:: Record set ::

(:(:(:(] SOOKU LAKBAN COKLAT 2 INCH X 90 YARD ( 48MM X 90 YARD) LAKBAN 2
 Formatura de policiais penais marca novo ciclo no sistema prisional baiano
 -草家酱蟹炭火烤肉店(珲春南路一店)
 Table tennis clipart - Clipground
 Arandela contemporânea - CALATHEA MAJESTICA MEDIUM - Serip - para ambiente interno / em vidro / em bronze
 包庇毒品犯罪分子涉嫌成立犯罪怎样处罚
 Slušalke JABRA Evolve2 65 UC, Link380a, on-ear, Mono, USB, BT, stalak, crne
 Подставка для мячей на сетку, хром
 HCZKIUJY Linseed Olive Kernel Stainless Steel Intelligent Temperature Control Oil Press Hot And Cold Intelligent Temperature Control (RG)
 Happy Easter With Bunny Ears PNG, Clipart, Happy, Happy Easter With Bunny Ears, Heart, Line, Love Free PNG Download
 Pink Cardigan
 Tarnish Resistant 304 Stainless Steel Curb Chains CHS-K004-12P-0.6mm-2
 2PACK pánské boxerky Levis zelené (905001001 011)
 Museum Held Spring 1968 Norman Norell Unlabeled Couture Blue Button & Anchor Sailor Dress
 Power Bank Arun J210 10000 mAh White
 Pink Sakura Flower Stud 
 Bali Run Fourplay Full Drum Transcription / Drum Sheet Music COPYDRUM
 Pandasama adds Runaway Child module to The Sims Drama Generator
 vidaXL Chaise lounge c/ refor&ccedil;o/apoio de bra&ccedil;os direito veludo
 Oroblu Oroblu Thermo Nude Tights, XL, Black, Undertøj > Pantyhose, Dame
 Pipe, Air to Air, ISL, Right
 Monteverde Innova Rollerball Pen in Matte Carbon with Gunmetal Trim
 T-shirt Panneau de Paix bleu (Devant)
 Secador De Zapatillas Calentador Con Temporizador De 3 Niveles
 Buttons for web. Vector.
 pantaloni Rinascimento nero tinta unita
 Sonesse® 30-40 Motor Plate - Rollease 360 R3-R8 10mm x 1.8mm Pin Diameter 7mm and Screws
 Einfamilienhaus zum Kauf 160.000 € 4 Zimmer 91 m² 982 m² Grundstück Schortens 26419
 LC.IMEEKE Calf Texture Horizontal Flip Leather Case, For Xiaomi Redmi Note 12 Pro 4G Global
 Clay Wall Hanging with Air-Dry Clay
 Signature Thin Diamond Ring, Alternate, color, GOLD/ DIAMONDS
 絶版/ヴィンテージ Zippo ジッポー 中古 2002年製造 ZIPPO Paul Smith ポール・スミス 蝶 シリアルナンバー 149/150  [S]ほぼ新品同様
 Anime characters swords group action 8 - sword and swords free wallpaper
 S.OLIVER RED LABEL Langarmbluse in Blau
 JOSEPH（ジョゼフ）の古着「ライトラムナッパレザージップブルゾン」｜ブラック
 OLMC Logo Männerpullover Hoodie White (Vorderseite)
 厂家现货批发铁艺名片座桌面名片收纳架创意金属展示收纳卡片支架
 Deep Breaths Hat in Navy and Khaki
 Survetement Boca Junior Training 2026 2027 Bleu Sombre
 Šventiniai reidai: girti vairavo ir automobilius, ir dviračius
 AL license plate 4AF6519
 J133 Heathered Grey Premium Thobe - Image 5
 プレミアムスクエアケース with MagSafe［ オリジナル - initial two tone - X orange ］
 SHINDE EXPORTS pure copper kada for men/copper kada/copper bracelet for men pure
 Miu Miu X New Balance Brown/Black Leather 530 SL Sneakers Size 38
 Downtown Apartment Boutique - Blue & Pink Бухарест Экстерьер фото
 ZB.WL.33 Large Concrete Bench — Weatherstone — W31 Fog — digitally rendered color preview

:::

Retype the portion of the data above that starts on the line with "Pandasama adds Runaway" and finishes on the line with "OLMC Logo Männerpullover", including both of those lines.

 Pandasama adds Runaway Child module to The Sims Drama Generator
 vidaXL Chaise lounge c/ refor&ccedil;o/apoio de bra&ccedil;os direito veludo
 Oroblu Oroblu Thermo Nude Tights, XL, Black, Undertøj > Pantyhose, Dame
 Pipe, Air to Air, ISL, Right
 Monteverde Innova Rollerball Pen in Matte Carbon with Gunmetal Trim
 T-shirt Panneau de Paix bleu (Devant)
 Secador De Zapatillas Calentador Con Temporizador De 3 Niveles
 Buttons for web. Vector.
 pantaloni Rinascimento nero tinta unita
 Sonesse® 30-40 Motor Plate - Rollease 360 R3-R8 10mm x 1.8mm Pin Diameter 7mm and Screws
 Einfamilienhaus zum Kauf 160.000 € 4 Zimmer 91 m² 982 m² Grundstück Schortens 26419
 LC.IMEEKE Calf Texture Horizontal Flip Leather Case, For Xiaomi Redmi Note 12 Pro 4G Global
 Clay Wall Hanging with Air-Dry Clay
 Signature Thin Diamond Ring, Alternate, color, GOLD/ DIAMONDS
 絶版/ヴィンテージ Zippo ジッポー 中古 2002年製造 ZIPPO Paul Smith ポール・スミス 蝶 シリアルナンバー 149/150  [S]ほぼ新品同様
 Anime characters swords group action 8 - sword and swords free wallpaper
 S.OLIVER RED LABEL Langarmbluse in Blau
 JOSEPH（ジョゼフ）の古着「ライトラムナッパレザージップブルゾン」｜ブラック
 OLMC Logo Männerpullover Hoodie White (Vorderseite)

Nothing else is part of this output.